DATASET EXCERPTS
== Segment start ==

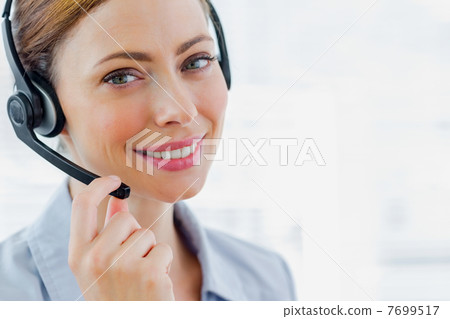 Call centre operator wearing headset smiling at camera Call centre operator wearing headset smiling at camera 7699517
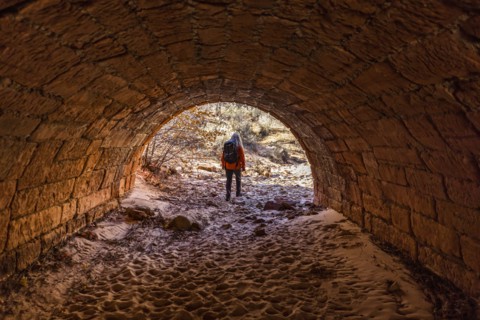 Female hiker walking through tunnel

== Segment end ==
== Segment start ==

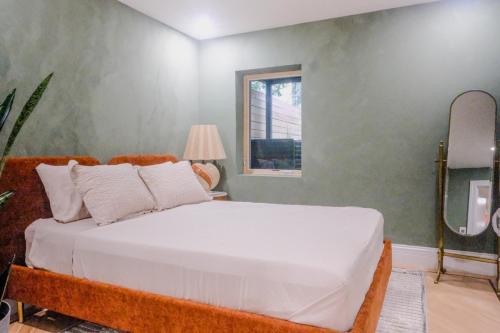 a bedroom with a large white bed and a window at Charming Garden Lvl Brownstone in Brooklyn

== Segment end ==

EXERCISE DESCRIPTION
Only the lines starting at the one that includes "Call centre operator wearing headset smiling at camera Call" and ending at the one that includes "Female hiker walking through tunnel" should be retyped, exactly, from the records above; no pictures.

SOLUTION BELOW
 Call centre operator wearing headset smiling at camera Call centre operator wearing headset smiling at camera 7699517
 Female hiker walking through tunnel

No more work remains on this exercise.